Introduction
Segment Anything Model (SAM) is Meta AI's promptable segmentation foundation model. Given an image and a prompt such as a point, bounding box, or text, SAM produces high-quality object masks without needing task-specific fine-tuning.
What SAM Does
- Segments any object given point, box, or mask prompts
- Generates multiple valid masks when prompts are ambiguous
- Runs in real-time on GPU for interactive annotation workflows
- Exports to ONNX for deployment in browsers and edge devices
- Provides the SA-1B dataset with over 1 billion masks on 11 million images
Architecture Overview
SAM has three components: a ViT-based image encoder that produces image embeddings once per image, a flexible prompt encoder that handles points, boxes, masks, and text, and a lightweight mask decoder that combines both to predict segmentation masks. This design allows the heavy image encoding to be amortized across multiple prompts.
Self-Hosting & Configuration
- Requires Python 3.8+ and PyTorch 1.7+
- Three checkpoint sizes available: ViT-B (375 MB), ViT-L (1.2 GB), ViT-H (2.4 GB)
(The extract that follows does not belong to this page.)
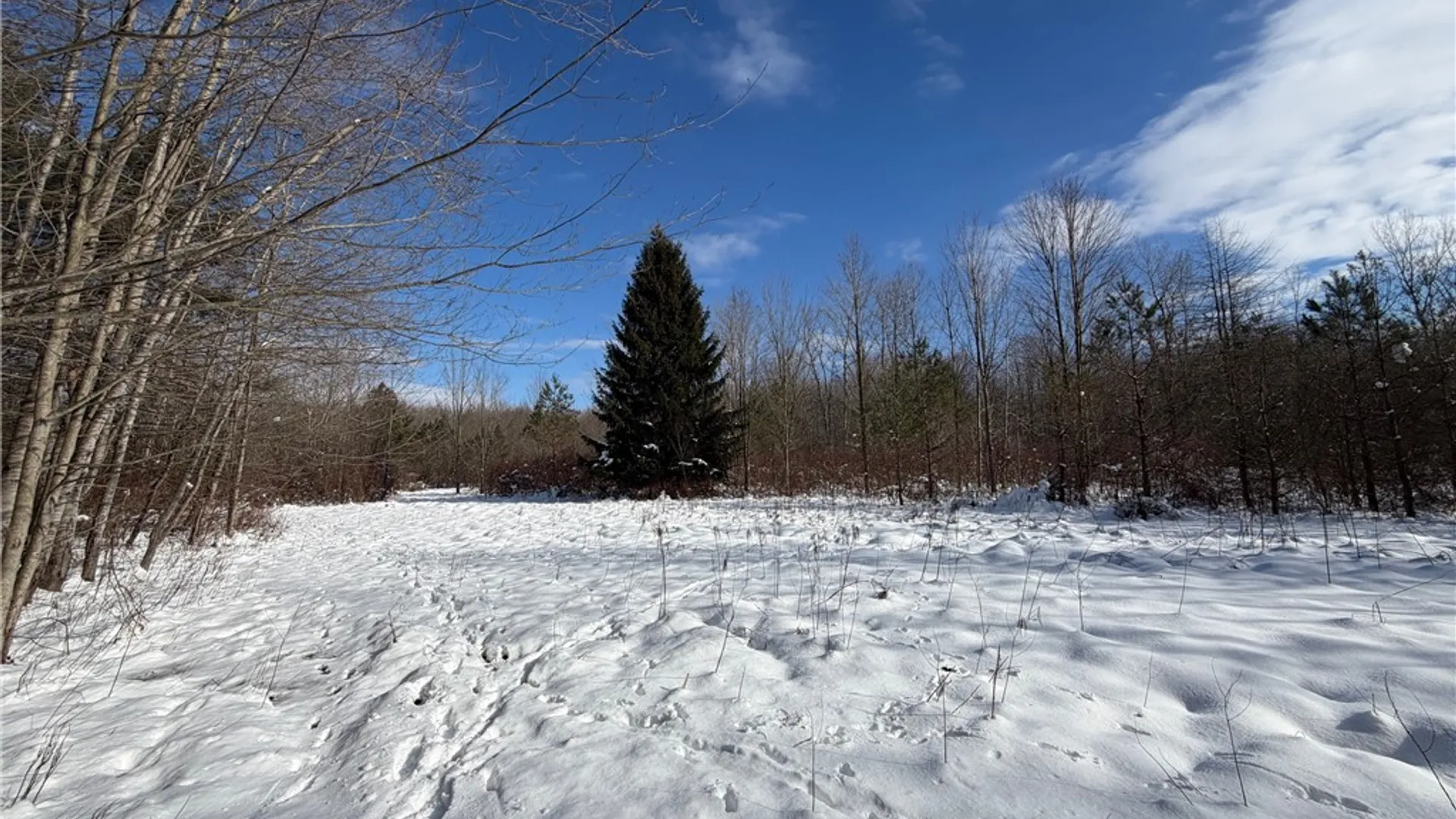 Property at New Jerusalem Road, Evans, NY 14006 2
- ONNX export enables CPU-only or browser-based deployment
- GPU with 8 GB VRAM is sufficient for real-time single-image inference
- Can be used as a library or through the included demo notebooks
Key Features
- Zero-shot generalization to unseen object categories and domains
- Trained on SA-1B, one of the largest segmentation datasets ever created
- Interactive point-and-click interface for fast manual annotation
- Multiple mask output with confidence scores for ambiguous prompts
- ONNX runtime support for lightweight deployment without PyTorch
Comparison with Similar Tools
- SAM 2 — Meta's successor with video segmentation support; SAM focuses on single images
- Detectron2 — Meta's detection framework; requires task-specific training unlike SAM
- YOLO — excels at real-time detection and segmentation with fixed categories; SAM handles open-vocabulary
- U-Net — classical encoder-decoder for segmentation; needs domain-specific labels and training
FAQ
Q: Can SAM segment video? A: SAM operates on single images. For video segmentation, use SAM 2.
Q: Does SAM work without a GPU? A: Yes, the ONNX model runs on CPU, though inference is slower.
Q: How accurate is SAM on domain-specific data like medical imaging? A: SAM generalizes well but may need fine-tuning for specialized domains where visual patterns differ significantly from natural images.
Q: Is the SA-1B dataset available? A: Yes, Meta released SA-1B under a research license for academic and non-commercial use.